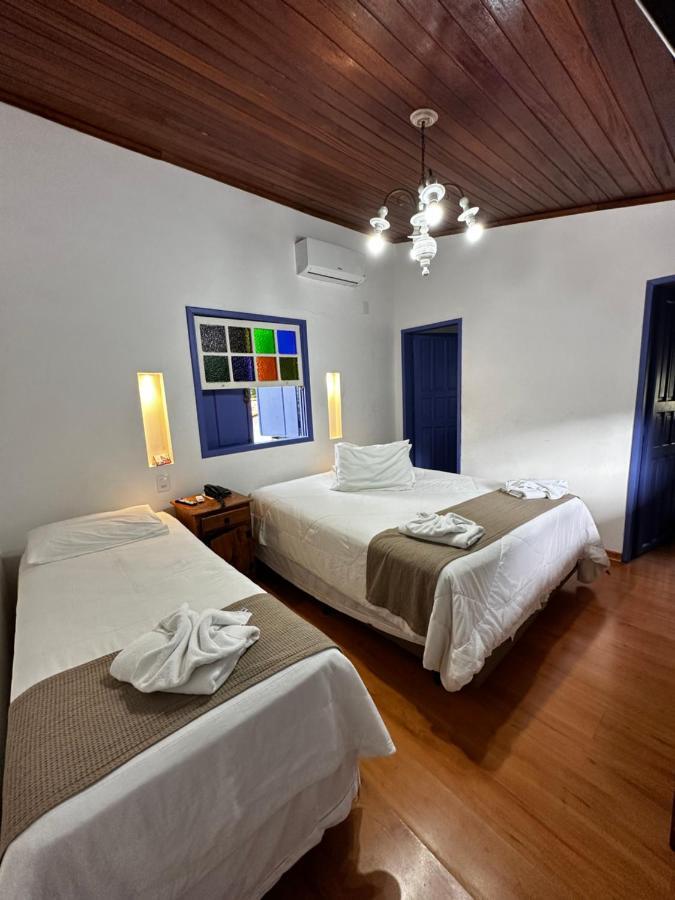 Hotel Ponta Do Morro Tiradentes Eksteriør billede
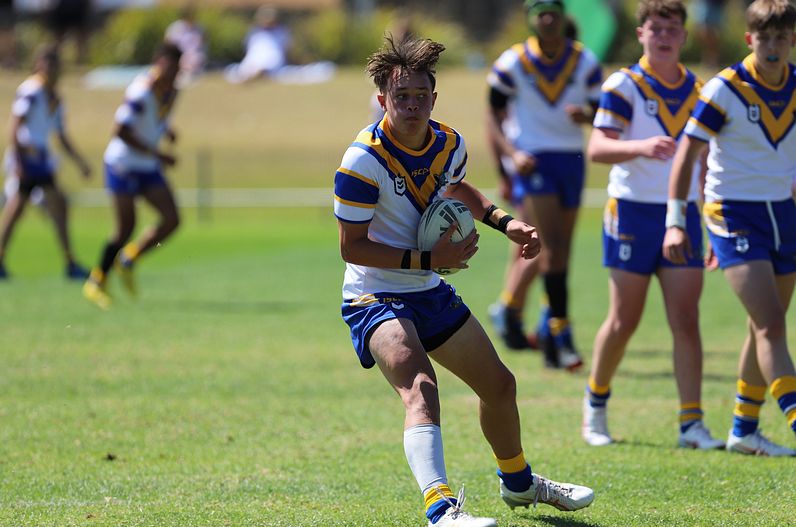 ASSRL u15s D5 NSWCCC vs ACT
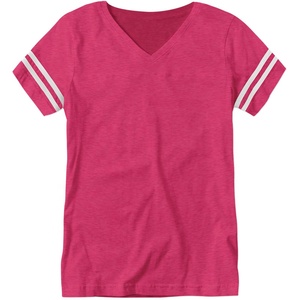 Camiseta Premium de gran tamaño ajustada personalizada para mujer, Camiseta de algodón 100%, Camisetas estampadas transpirables para mujer - Product Image 1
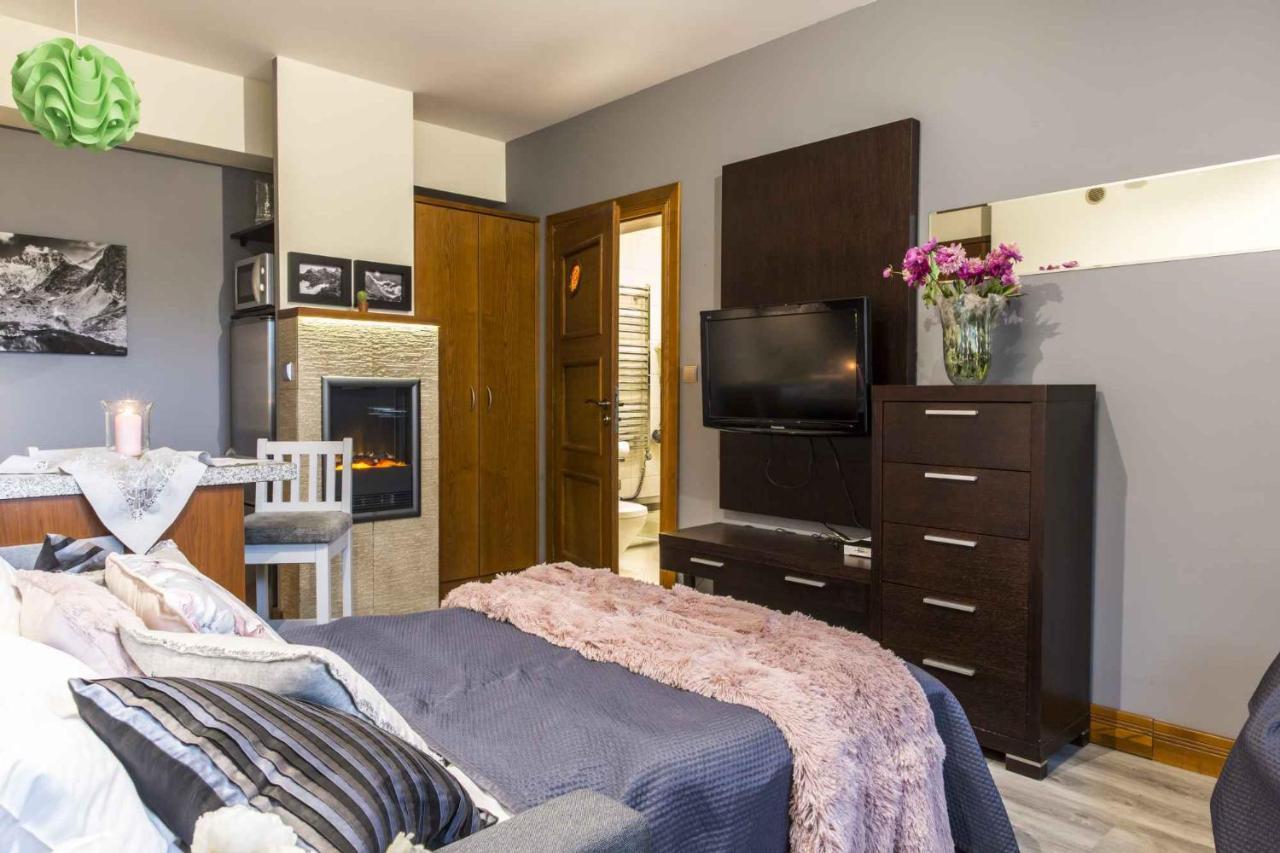 Apartament De Lux Cicha Woda 자코파네 외부 사진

Required action: The material above should be printed again exactly, with each picture left out.

Reply to the exercise:
 Hotel Ponta Do Morro Tiradentes Eksteriør billede
 ASSRL u15s D5 NSWCCC vs ACT
 Camiseta Premium de gran tamaño ajustada personalizada para mujer, Camiseta de algodón 100%, Camisetas estampadas transpirables para mujer - Product Image 1
 Apartament De Lux Cicha Woda 자코파네 외부 사진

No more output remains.